**Exercise details**
Beneath this line is the data. Output exactly the lines from the line with "blusa moletom cinza feminina" to the line with "Gold Faith Cross", both ends included, and nothing more.

**Provided records**
* * *
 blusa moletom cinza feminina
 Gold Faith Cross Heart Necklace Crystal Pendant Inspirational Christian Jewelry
* * *
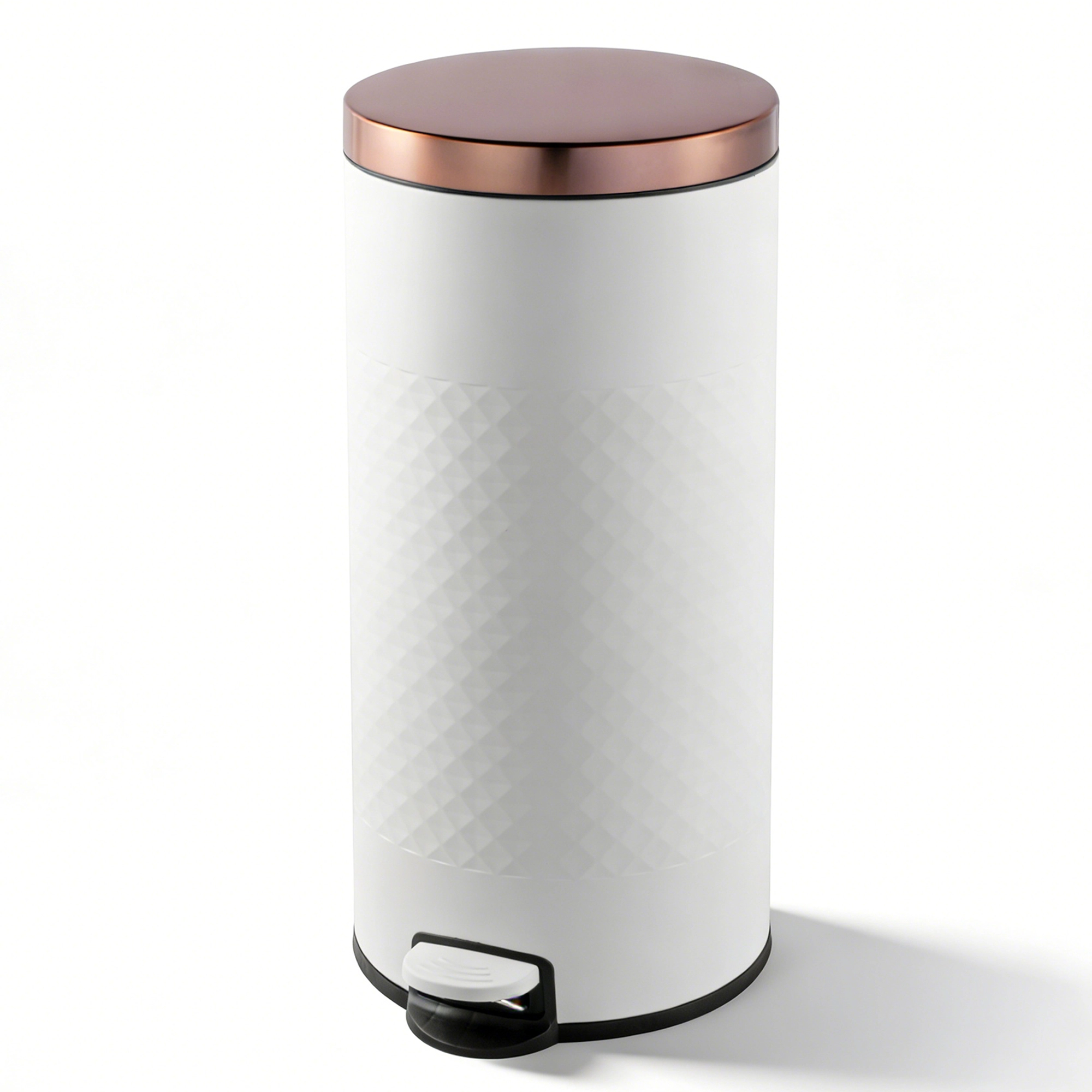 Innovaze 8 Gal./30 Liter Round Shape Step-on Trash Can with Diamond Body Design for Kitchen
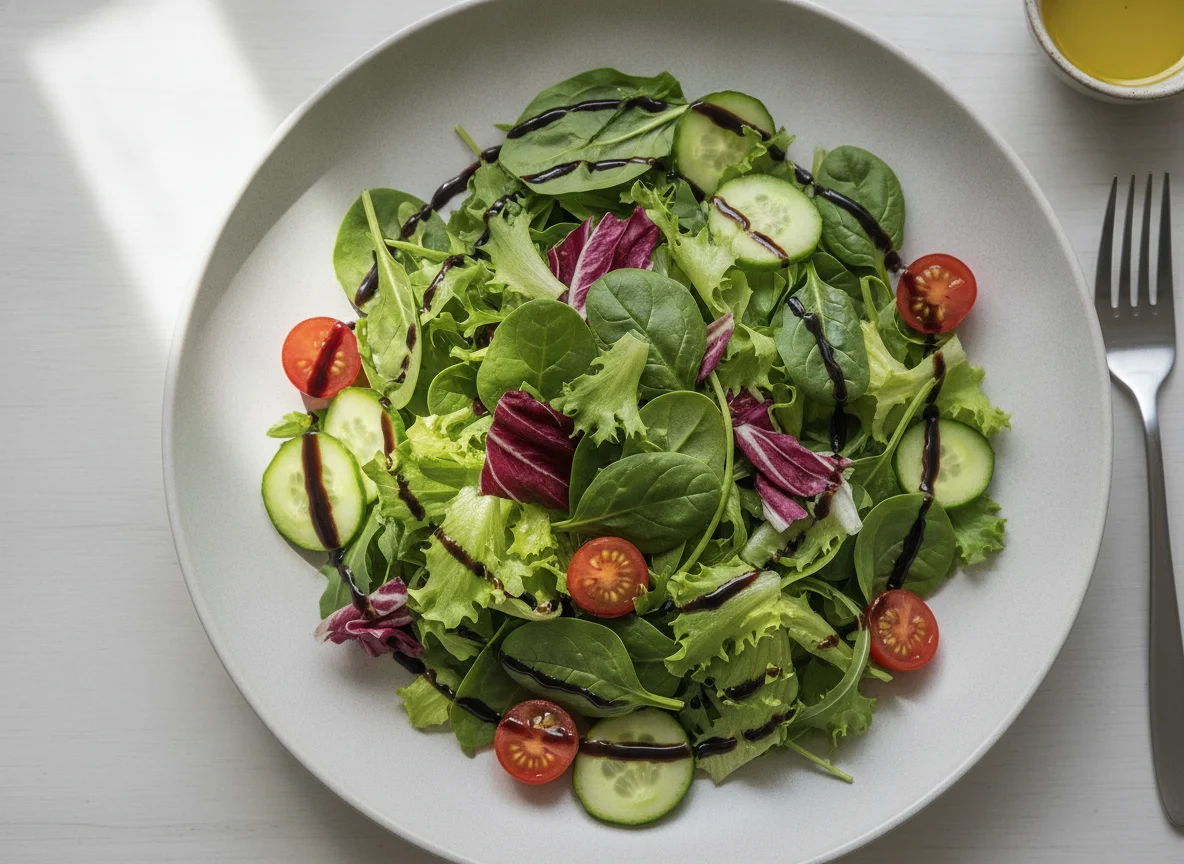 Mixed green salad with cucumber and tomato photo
* * *
**Exercise answer**
 blusa moletom cinza feminina
 Gold Faith Cross Heart Necklace Crystal Pendant Inspirational Christian Jewelry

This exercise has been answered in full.